═════ DATASET ENTRIES ═════

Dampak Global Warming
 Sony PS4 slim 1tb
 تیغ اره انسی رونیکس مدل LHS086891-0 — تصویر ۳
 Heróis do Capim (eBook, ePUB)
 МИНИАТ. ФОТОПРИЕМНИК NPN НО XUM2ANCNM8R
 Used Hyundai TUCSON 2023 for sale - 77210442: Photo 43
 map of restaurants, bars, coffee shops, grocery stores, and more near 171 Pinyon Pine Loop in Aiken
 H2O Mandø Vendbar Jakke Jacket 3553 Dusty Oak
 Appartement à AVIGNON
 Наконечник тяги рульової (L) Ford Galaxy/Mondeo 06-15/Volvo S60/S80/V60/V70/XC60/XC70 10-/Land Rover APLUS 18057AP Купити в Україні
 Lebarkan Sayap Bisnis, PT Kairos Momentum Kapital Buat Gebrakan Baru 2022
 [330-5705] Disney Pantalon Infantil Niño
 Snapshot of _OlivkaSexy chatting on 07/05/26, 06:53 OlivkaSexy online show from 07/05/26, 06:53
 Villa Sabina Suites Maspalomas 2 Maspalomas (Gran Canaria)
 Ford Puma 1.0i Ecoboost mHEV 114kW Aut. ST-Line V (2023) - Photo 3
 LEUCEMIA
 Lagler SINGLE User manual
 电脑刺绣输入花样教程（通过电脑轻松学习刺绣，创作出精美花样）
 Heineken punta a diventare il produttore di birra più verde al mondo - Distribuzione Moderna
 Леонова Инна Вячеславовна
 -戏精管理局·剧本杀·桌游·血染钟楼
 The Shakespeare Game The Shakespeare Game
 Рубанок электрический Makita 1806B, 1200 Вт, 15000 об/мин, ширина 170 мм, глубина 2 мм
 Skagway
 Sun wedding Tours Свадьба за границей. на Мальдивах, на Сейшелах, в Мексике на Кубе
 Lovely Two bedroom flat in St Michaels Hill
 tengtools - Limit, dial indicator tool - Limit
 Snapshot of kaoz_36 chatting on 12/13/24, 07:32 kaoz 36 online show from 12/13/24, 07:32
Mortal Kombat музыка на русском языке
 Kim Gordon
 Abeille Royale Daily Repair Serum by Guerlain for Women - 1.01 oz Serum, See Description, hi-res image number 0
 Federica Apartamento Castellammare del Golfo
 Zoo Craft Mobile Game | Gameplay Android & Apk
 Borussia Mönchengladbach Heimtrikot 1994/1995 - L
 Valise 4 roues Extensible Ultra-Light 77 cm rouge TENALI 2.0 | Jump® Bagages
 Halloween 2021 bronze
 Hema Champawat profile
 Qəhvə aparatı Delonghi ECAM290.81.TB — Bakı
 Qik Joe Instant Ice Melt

═════

_INSTRUCTIONS FOR THE TASK_
Lines holding the string "Ford" must be copied out of the entries above.

_RESULT FOR THIS EXERCISE_
 Наконечник тяги рульової (L) Ford Galaxy/Mondeo 06-15/Volvo S60/S80/V60/V70/XC60/XC70 10-/Land Rover APLUS 18057AP Купити в Україні
 Ford Puma 1.0i Ecoboost mHEV 114kW Aut. ST-Line V (2023) - Photo 3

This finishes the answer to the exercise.